After just ten weeks:
56% of the diabetics enrolled achieved an HbA1C below the diabetic range (6.5%), while eliminating hypoglycemic medications
Almost 90% of insulin users had it either completely eliminated (close to 40%) or reduced
Mean body mass reduction was just over 7%, which is quite significant, but also shows that diabetes can be reversed before massive weight loss (i.e., it’s not the obesity that causes type 2 diabetes, which is consistent with the gastric bypass literature)
Patient completion rate was >90%, which is remarkably high in an outpatient-based intervention.
Reported feelings of hunger decreased from the pre-trial level (this seems to be a strong indication that will-power driven caloric restriction was not a factor in weight loss)

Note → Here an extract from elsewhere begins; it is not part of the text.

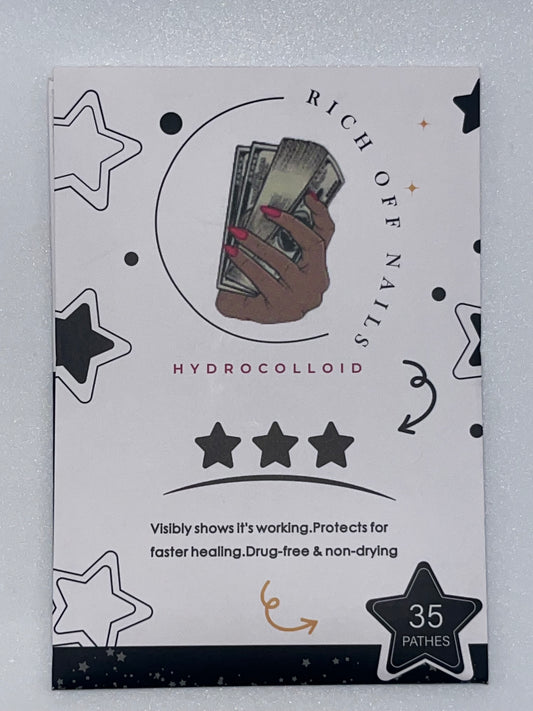 Pimple patch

Importantly, there were no serious adverse events, no incidence of symptomatic hypoglycemia, and no incidents of ketoacidosis.
The trial is ongoing with one-year data expected to be published shortly.
Yes, this is only one clinical trial and 70 days is not very long, but these data force us to consider that there is another way to look at T2D: it is not a chronic condition that gets progressively worse. With the combination of the right science and technology, it can be reversed at scale and among average diabetics. Clearly we need to look at the long-term success, and see many more patients succeed safely, but this is more promising than anything I have ever seen. I’ve seen some of the preliminary 1+ year analysis and the results look very impressive. I look forward to sharing them as they become publicly available.
If you are interested, you can learn more about Virta and their diabetes reversal science here. I’m excited to be a very small part of this organization and I look forward to the day when every patient with T2D at least has the chance to try an approach that can potentially reverse their condition.